Part of that effort to build the satellite network resulted in the Iridium satellite constellation. A combination of 1990's electronic technology (it wasn't all that good... really) along with as you said the extremely high launch costs caused the companies to go bankrupt. Iridium itself has gone through several sets of owners, and it was kept on life support financially basically because the U.S. military couldn't find any alternative that could provide global coverage like Iridium was doing.
To give an example of the technical capabilities of Iridium, the first generation had a data throughput speed of 2400 baud for individual customers. That might have been sufficient for reading a few e-mails in the 1990's, but is grossly slow for current needs. The costs for Iridium phones are also insanely expensive compared to what was promised.... and frankly the satellites couldn't handle the crush of millions of users in that first generation either to spread those costs around.
Bill Gates' plan to have a large number of cheap satellites might have worked, but as you have pointed out it needed cheap launch costs to make it possible. $10k/kg to orbit is not cheap.
How does this impact me or most other people in any significant way?
To start with, you would likely not be writing this comment in the first place if it wasn't for space-based assets. While you might be able to say that your actual TCP/IP packet only traveled along a fiber cable, the work of placing that cable inevitably used at least the GPS satellite constellation along with numerous other space-based vehicles. Like it or not, spaceflight has every day impacts upon your life, no matter how disconnected and isolated you might think your life has become. It is what makes the modern civilization function.
As a matter of fact, this particular satellite was a telecommunication satellite that will be broadcasting over the western Pacific Ocean region (aka eastern Asia).
Shouldn't we put our resources to better use, like stopping global warming?
It is stuff like this that you even know about global warming.
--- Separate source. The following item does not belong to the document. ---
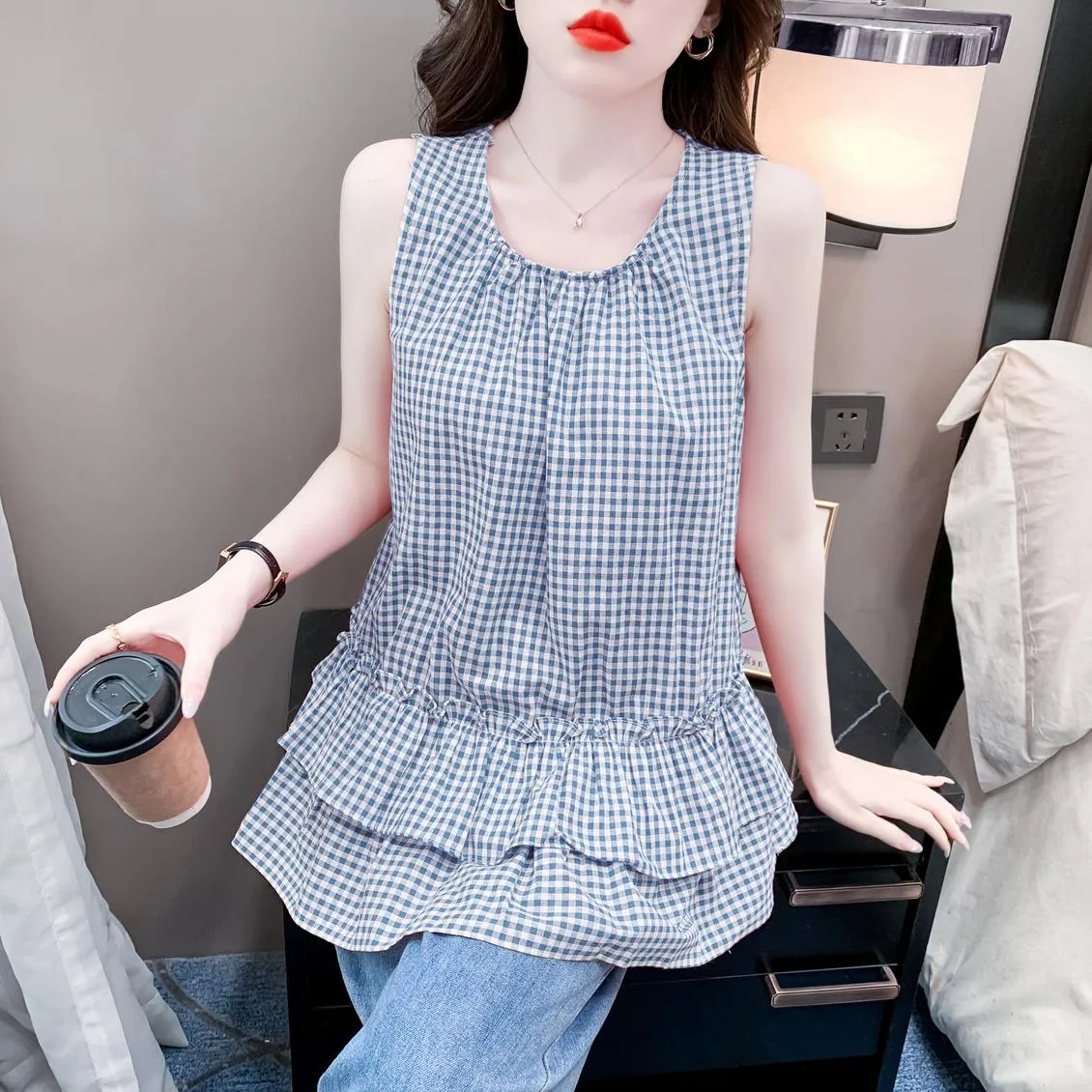 Chic Relaxed-Fit T-Shirt Featuring a Flattering Ruffle Hem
How else do you think a genuinely global monitoring effort measuring temperatures, ocean conditions, sea levels, and other factors are even followed in the first place? This is how resources are being used to help stop such environmental pollution. If you don't know what is happening, you can't stop it from happening in the future.
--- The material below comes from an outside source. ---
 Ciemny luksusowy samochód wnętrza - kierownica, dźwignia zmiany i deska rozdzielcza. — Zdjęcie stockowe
I promise you that at least some data packets you are going to be using in the future will go across this particular satellite. The world is just far too interconnected.
The fact that the rocket landed again successful means that anything going into space is going to be much, much cheaper in the future as competitors to SpaceX try to copy the effort and come up with at least something that can compete commercially against SpaceX. That is what is so significant about this particular flight in addition to the payload that actually got up into space.
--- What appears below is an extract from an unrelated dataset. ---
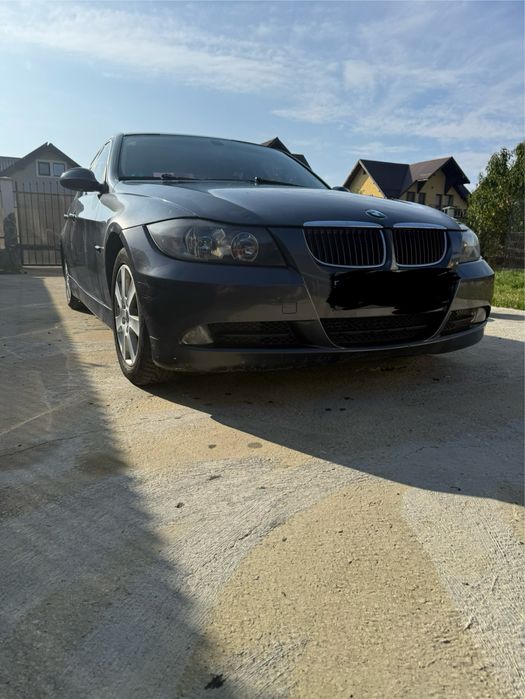 BMW seria 3, 320D E90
Unfortunately SpaceX is screwing the American taxpayers right now, being incapable of getting even 10 tonnes into orbit for 133M with its CRS flights.
You do realize that SpaceX just sent a CRS payload into orbit this past week, and the capsule is still up on the ISS attached to the station as I'm writing this reply?
I don't know what you are complaining about, other than a big oops happened with the CRS-7 flight. Those issues (at least the cause of that incident) have been resolved and the Falcon 9 has gone back into service with what I have seen as one of the fastest turn around times of any launch provider after a complete catastrophic failure of their primary launch vehicle.
The only people complaining are folks who are clueless about rocket science.